(Warsaw) US President Joe Biden said Saturday in Warsaw that his Russian counterpart Vladimir Putin should not stay in power after launching the invasion of Ukraine.
Posted at 11:25 a.m.
Updated at 2:25 p.m.
“For the love of God, this man cannot stay in power,” said Mr. Biden, during a speech at the Royal Castle in Warsaw, with a particularly harsh tone towards Russian President Vladimir Putin.
Speaking directly to the Russians, he insisted that it is not the Russian people that he sees as the enemy.
“Let me say this if you are able to hear me – you, the Russian people, are not our enemy,” he said.
“I refuse to believe that you welcome the murder of innocent children and grandparents or that you accept that hospitals, schools, maternities be pounded by Russian missiles and bombs. »
“This war is not worthy of you, Russian people. Putin can and must put an end to this war”, hammered again the American president.
But at the same time he felt that the conflict was not going to end soon.
The battle “between democracy and autocracy” will “not be won in days or months. We must arm ourselves for a long fight ahead of us”, he warned, before assuring the Ukrainians: “We are on your side”.
He also reaffirmed that the United States did not want to come into conflict with the Russian forces that invaded Ukraine, but he issued a strong warning to Moscow: “Don’t even think about advancing an inch in of NATO”.

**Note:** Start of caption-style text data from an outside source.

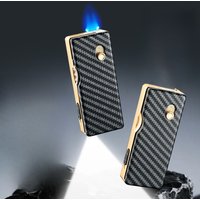 High-end Men's Gift with Light Igniter and Direct Blue Flame Lighter Gadgets for Men Lighters Smoking Smoke Accesoires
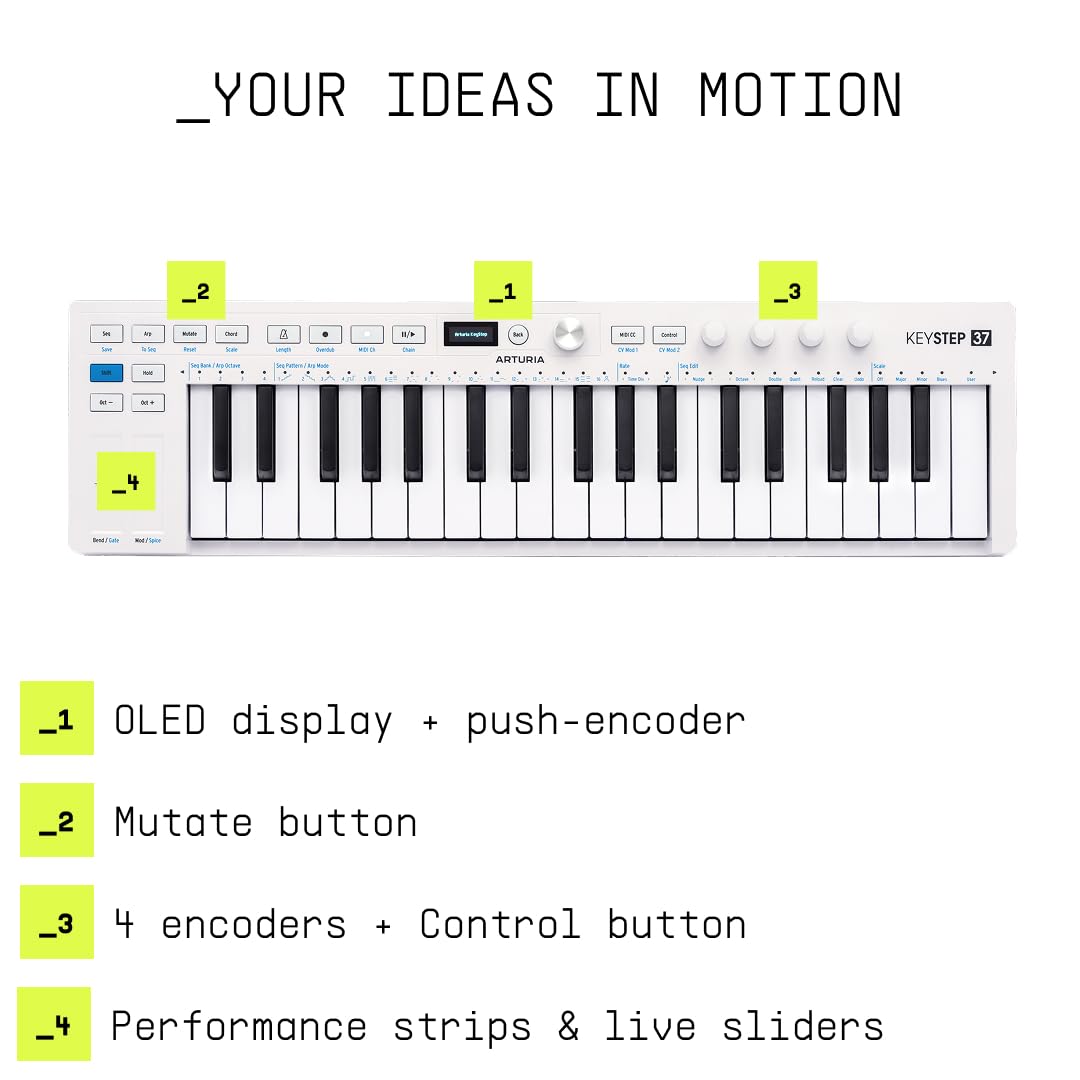 Arturia Keystep Controller & Sequencer, 37 Key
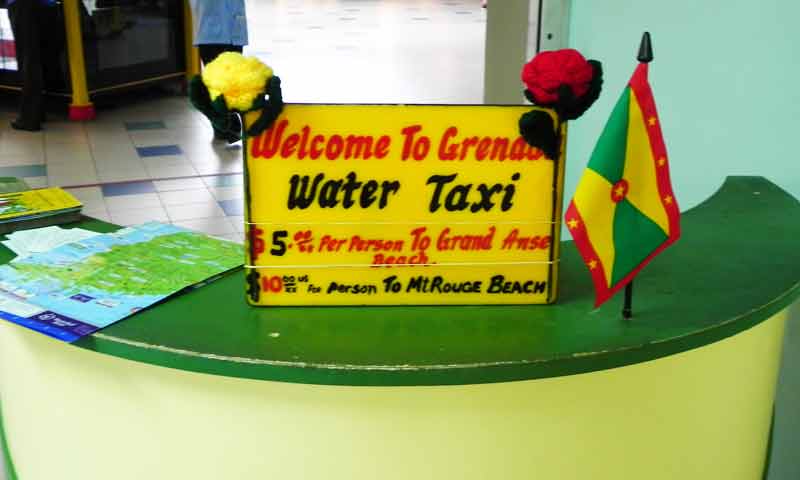 Water Taxi Kiosk Grenada Cruise Port Water Taxi Kiosk in Grenada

“This war is already a strategic failure for Russia”, added Mr. Biden, who, applauded by some thousand people who attended his speech in front of the royal castle in Warsaw, immediately left for the airport, to return to Washington in the night.
“He’s a butcher”
The US president earlier on Saturday called his Russian counterpart Vladimir Putin a “butcher” during a meeting with Ukrainian refugees in Warsaw.
Asked about “what he thought of Vladimir Putin, given what he inflicts on these people”, Mr. Biden replied with one sentence: “He is a butcher”, while the meeting was transmitted in live by several TV channels from the National Stadium in Warsaw.

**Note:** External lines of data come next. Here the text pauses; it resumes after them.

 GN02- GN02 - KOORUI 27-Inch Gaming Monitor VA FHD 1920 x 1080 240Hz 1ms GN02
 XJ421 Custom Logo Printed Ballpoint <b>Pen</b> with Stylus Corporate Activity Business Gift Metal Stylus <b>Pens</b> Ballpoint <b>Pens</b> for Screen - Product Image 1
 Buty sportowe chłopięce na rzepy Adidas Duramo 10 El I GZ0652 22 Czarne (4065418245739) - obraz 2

This is not the first time that the American president has used harsh words with regard to Vladimir Putin, considered to be mainly responsible for the Russian invasion in Ukraine which has already caused thousands of deaths. In recent days he has twice called him a “war criminal”.
Visibly moved by his meeting with the refugees — including two people who said they were from Mariupol, the port in southeastern Ukraine largely destroyed by Russian bombing — Mr. Biden hugged two young refugee women.

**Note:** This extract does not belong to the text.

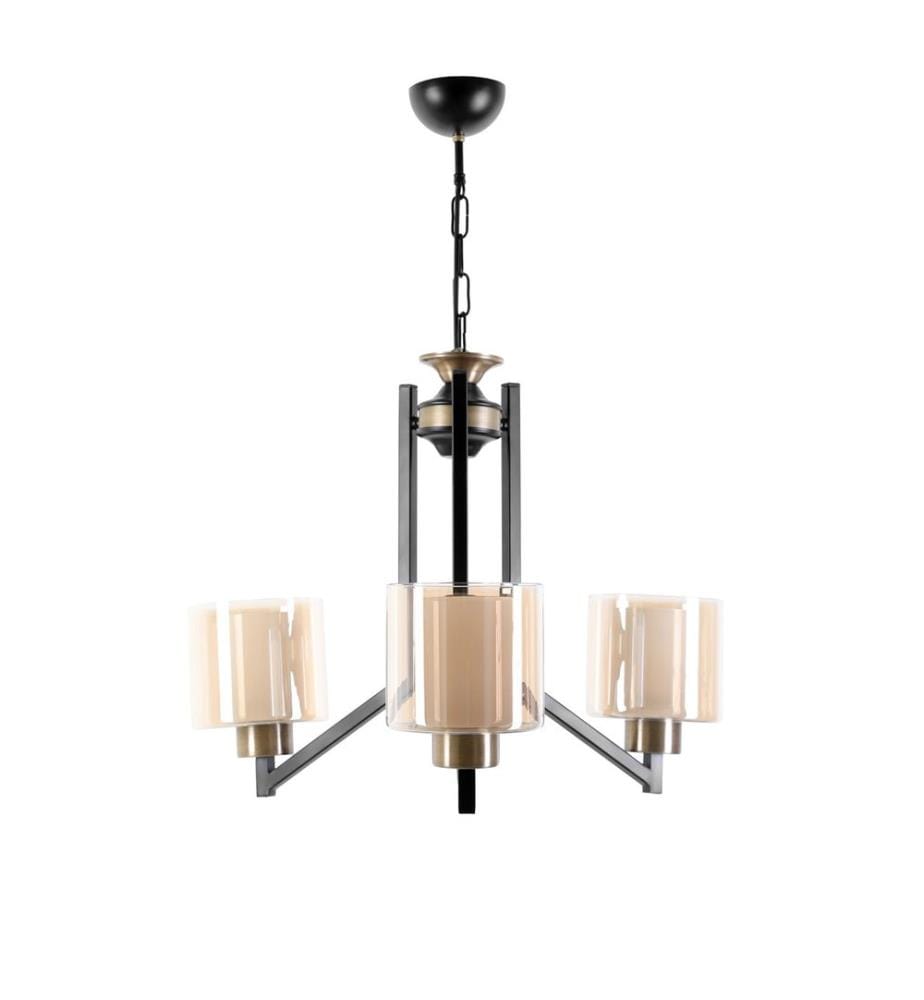 Lampadario, Nero, Rame, 100% Metallo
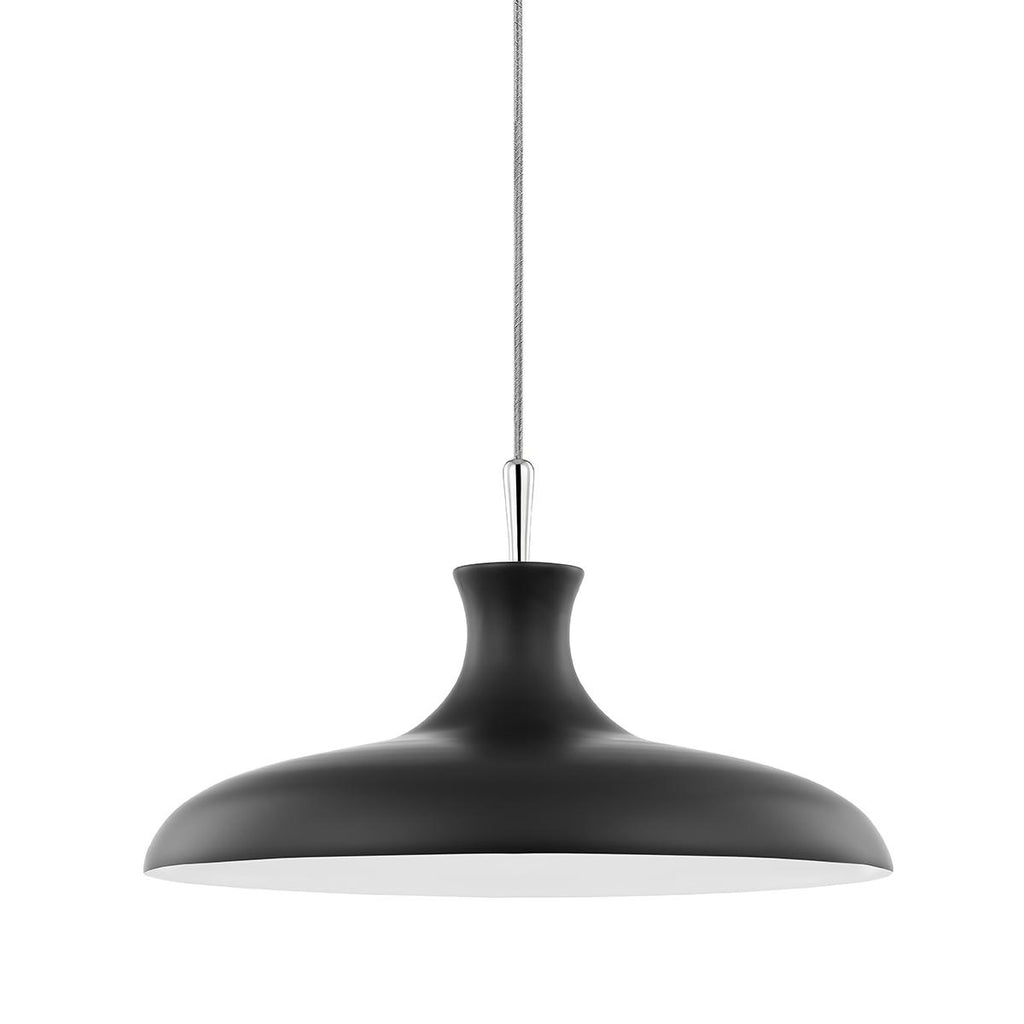 Mitzi Cassidy Polished Nickel/black 21W x 3.5L x 11H Pendant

Summarizing his impressions after the visit to the welcome center at the stadium, he described the young children he had just seen as “beautiful” and reported that they had asked him to pray “for their father, grandfather and brother “.
He also said he “wasn’t sure” that Russia’s announcement to focus its offensive on Donbass meant a change in its strategy in Ukraine.
Questioned by a journalist on this point, he replied briefly: “I am not sure that they (the Russians) have done it”, while the Russian command declared on Friday that it wanted to “concentrate the bulk of the efforts on the main objective: the liberation of Donbass”, contrasting with the Kremlin’s stated intention to “demilitarize” and “denazify” the whole of Ukraine.
He stressed that he “knows well what it is to have someone close in a war zone”, in an allusion to his son Beau Biden, who died in 2015 of cancer, who had fought in Iraq.